It’s such a perfect example, again, of this concept of social distance, right? I mean, the people like Robert Gnaizda and the folks at the Center for Responsible Lending down in North Carolina that were working among communities that were on the wrong end of the subprime crisis, right, that were seeing their homes foreclosed on, that were seeing equity stripped out, that were seeing these serial refinancings with fees and fees and fees–the folks working there started ringing the alarm bells in 2002, 2003, publishing reports saying, “We’re going have ten million foreclosures. This is going to be a totally disastrous thing.” And they were meeting with the Federal Reserve, and they were waving charts in their faces, right? They were giving them data. And the Federal Reserve didn’t act.
So the question is, why didn’t the Federal Reserve act? And there’s a whole bunch of complicated reasons. But I think, partly, at the core of it, is that they, the folks in the Federal Reserve–Frederic Mishkin; Ben Bernanke, who was a Fed governor, who was saying, “Don’t worry about subprime,” more or less; Alan Greenspan, the Fed chair–were just completely removed from the world in which subprime finance was metastasizing and wreaking havoc. And that removal allowed them to sort of go along doing what they were doing, doing the things that they thought were ideologically justified or justified by the data. When they were not embedded in that world. And the thought experiment I have in the book is, if Ben Bernanke or Alan Greenspan were in a neighborhood where this was happening, if they were walking down their street every morning and seeing the foreclosures signs, if they had a neighbor who had been through one of these serial refinancings and had all the equity stripped out and now faced foreclosure, I can’t help but think the Fed would have cracked down much earlier and with much more vigor.
Financial Elites
Interestingly enough, the hearings over Barclays before Parliament were much more rigorous and much more aggressive. And obviously the systems of campaign financing are quite different, which is not to say British politics doesn’t have its own problem with capture by banking interests. Part of the problem is that this kind of elite solidarity, this self-protection impulse, it stretches across the public and private sector, and it stretches across, in some ways, ideological lines. People are going to move on from being senators to go work at big corporate law firms in Washington, D.C., or lobbying firms that are going to represent those same interests.
The Libor Scandal (London InterBank Offered Rate)

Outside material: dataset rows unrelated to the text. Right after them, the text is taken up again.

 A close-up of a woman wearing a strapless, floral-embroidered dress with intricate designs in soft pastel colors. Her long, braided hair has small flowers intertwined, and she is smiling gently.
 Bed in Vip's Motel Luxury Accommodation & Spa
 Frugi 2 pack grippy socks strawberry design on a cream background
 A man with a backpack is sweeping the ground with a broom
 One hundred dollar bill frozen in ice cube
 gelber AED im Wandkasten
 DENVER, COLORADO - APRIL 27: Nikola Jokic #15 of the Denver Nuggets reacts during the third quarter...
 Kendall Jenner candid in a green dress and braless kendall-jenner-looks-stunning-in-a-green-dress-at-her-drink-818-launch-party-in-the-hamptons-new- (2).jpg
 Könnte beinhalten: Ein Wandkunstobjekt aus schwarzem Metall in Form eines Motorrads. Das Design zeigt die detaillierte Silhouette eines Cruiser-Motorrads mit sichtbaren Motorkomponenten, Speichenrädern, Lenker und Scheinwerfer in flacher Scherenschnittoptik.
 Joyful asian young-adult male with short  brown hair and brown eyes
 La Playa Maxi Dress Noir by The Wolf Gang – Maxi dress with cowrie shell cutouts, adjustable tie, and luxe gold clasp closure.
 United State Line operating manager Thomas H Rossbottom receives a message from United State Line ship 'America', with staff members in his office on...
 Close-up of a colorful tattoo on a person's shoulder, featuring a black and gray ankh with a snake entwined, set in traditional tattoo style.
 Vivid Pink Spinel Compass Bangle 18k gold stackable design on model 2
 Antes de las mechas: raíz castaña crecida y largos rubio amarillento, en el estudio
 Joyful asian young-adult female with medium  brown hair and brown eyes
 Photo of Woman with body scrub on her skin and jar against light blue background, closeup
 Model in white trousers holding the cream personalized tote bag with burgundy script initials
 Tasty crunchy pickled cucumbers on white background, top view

The Libor scandal is a perfect example. We’re just hearing about this now, about this systematic rigging of rates that was happening. And we think now it wasn’t just Barclays–there’s an implication that we know about Barclays because they cooperated with the investigation– that the other banks were doing it, too. Something as routine as that, it’s hard to think, well, it was just cordoned off with the way that they were dealing with the Libor. No. I mean, I think it’s a natural thing to think that this was much more widespread. And the widespreadness of it and the fact that there hasn’t been criminal accountability makes efforts to pass regulatory reform–and, in fact, they have passed regulatory reform–much weaker, because accountability really matters. And accountability is something that doesn’t just come from regulation; it does come from the force of criminal law, as well. It comes from seeing your livelihood and life at stake in making decisions or in nurturing a culture in which decisions are made that are counter to the law. And I don’t think that–I think the absence of that accountability defeats much of the intent of regulatory reform. You have to have those two things together. CEOs, particularly, top bankers, people at trading desks, who are overseeing billions and billions of dollars, have to genuinely be worried that if they do something wrong, they will be held to account by the law. And right now, I think, if you look at the way the emails work, if look at the casualness with which the traders at Barclays are, in writing, rigging a rate and saying, “Thanks, bro. Good looking out. Let’s get a bottle of champagne,” these are not people that are afraid of accountability. I mean, you do not put that in an email if you’re afraid of accountability. If that’s the culture in finance–and I believe it is the culture in finance–in which there is no fear of reprisal, then you are going to get systematic wrongdoing.
The Media
There’s a lot of distrust in the media itself. And when you have distrust in the mechanisms by which you even get information, it’s hard to stoke outrage, because people discount information that they hear. So, you know, there are a lot of folks who just don’t believe what, you know, might be reported on Democracy Now!, might even be reported in the New York Times, which is an establishment publication, because they’ve been told by the people they do trust–Glenn Beck or Rush Limbaugh–that those are completely untrustworthy sources. Part of the issue we have right now is that–and I’m going to sound a little bit like a nostalgic or a conservative here, but there is no common table that the American people come to. There just isn’t, for better or for worse. And I think there’s great things about that, about the death of the kind of broadcast era, and there’s troublesome things about that. But the fact is, the conversation that we have about public life, even the facts that we have at our disposal, the things that we learn day to day, there is no common table that we receive them from. We all get them from different places, increasingly balkanized. And that means, even when there is outrage, that outrage is specific in its targets and diffuse in different ways and in sometimes intention across these ideological lines.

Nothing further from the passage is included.